Resource Aggregation

Resource aggregation is a fleet simplification option in HOPE. It is used when a case contains many generators or storage resources that are similar enough to be grouped, and solving the fully disaggregated model would be unnecessarily slow or memory-intensive. In high-level terms, resource aggregation reduces model size by combining similar resources into a smaller set of representative rows, while trying to preserve the characteristics that matter for planning and operations.

This functionality is most useful when users want to accelerate large GTEP or PCM cases, compare alternative aggregation strategies, or study how much model fidelity is lost when detailed fleets are simplified.
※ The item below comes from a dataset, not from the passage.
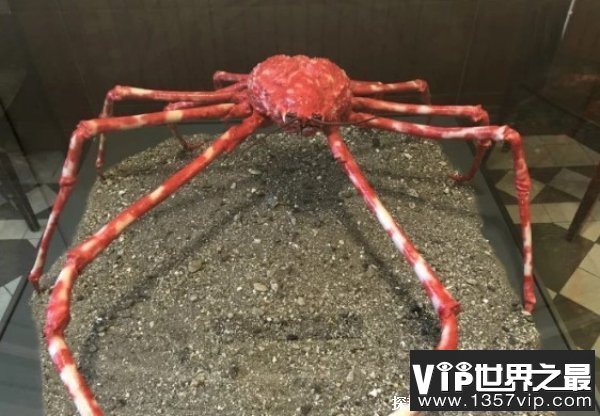 最大的螃蟹是什么 螃蟹最大的有几斤（巨螯蟹）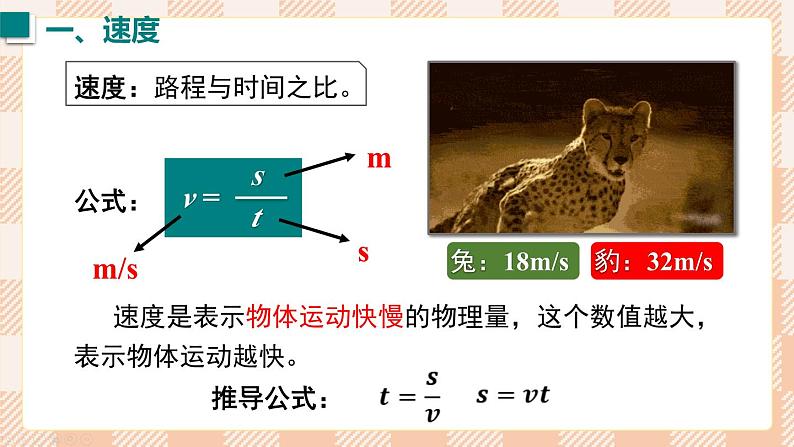 2024-2025学年人教版版八年级物理上册  第3节 运动的快慢  PPT课件第7页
It is especially relevant when the original fleet contains many same-zone, same-technology resources, but some of those resources still differ in costs, flexibility, outages, emissions, or commitment behavior. The aggregation methods below are designed to let users control how aggressively HOPE simplifies those fleets and which features should be preserved.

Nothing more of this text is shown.